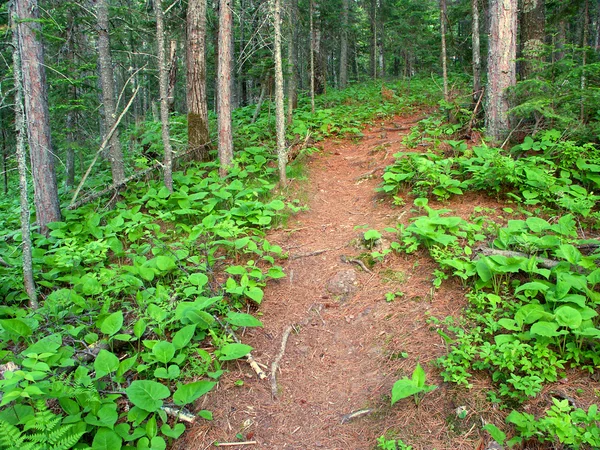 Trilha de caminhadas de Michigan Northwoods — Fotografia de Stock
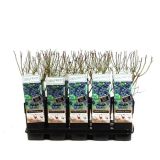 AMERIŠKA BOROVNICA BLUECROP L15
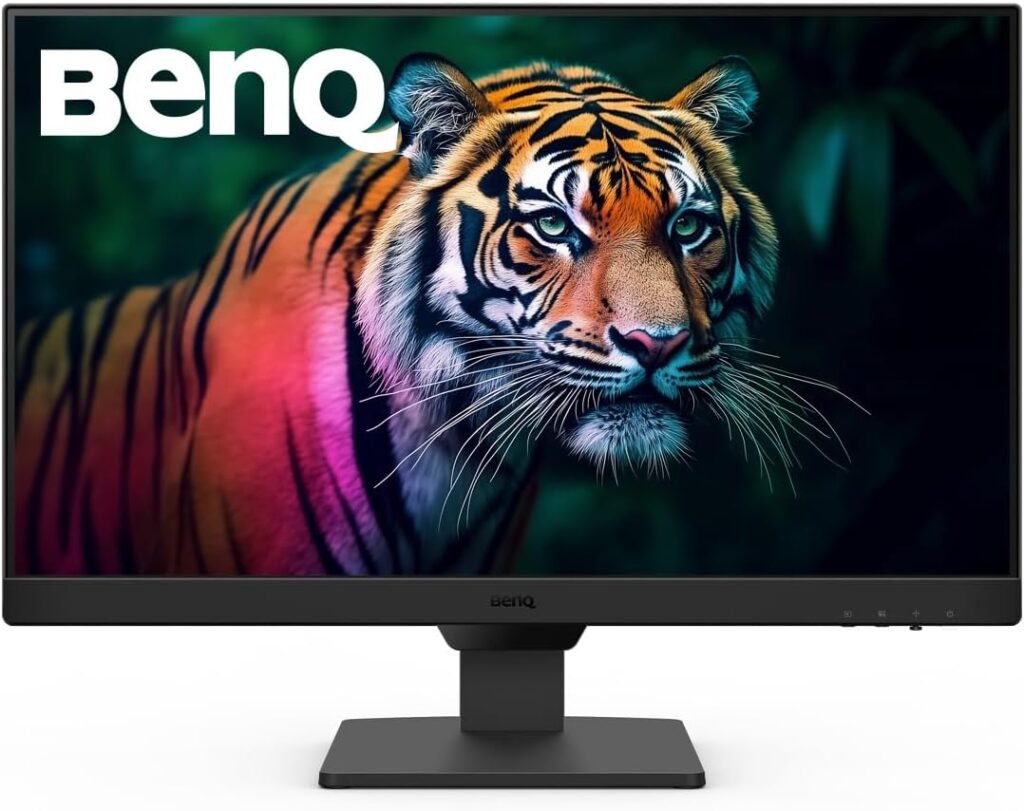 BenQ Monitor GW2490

*-*-*

Please copy out the whole listing exactly, minus its pictures.

◆ Task result
 Trilha de caminhadas de Michigan Northwoods — Fotografia de Stock
 AMERIŠKA BOROVNICA BLUECROP L15
 BenQ Monitor GW2490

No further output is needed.